I'd like to jump ahead a bit past the implementation of the Sarbanes-Oxley Act and talk for just a few minutes about innovations that I think we need to consider in the capital raising process. In some ways, it isn't quite accurate to say this is jumping past Sarbanes-Oxley because I strongly believe that any reforms that we consider to the capital-raising process will build on, and really be a continuation of, the Sarbanes-Oxley reforms. The Sarbanes-Oxley Act promises to enhance the timeliness, quality, accuracy and completeness of the information available in the markets about publicly traded companies. I think this will be a critical springboard from which to address any future reforms to the offering process.

So why should we address offering process reform?
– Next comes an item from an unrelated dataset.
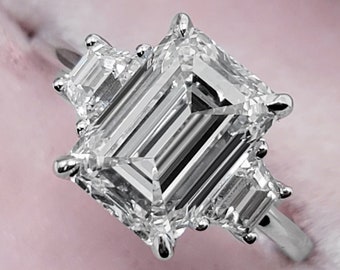 Three Stone Ring 2.5CT Emerald Cut Moissanite Ring Colorless Engagement Ring with Side Trapezoids Diamond Ring Wedding Anniversary Jewelry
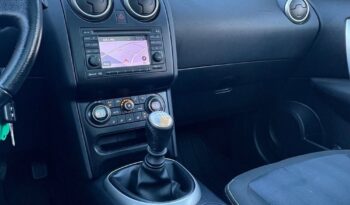 NISSAN   Qashqai+2     130 KM    Manualna    FWD (przód)    Brązowy full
I would argue that we need to take steps to bring the offering process into the 21st century. That's not to say that the offering process under the Securities Act is broken. Rather, there are aspects that I think are inefficient, that cause issuers unnecessary delay and aggravation. There also are aspects of the process that simply don't work very well in light of current electronic technologies and in light of the globalization of the securities markets.

Let me give you a few examples of areas that I think deserve careful attention.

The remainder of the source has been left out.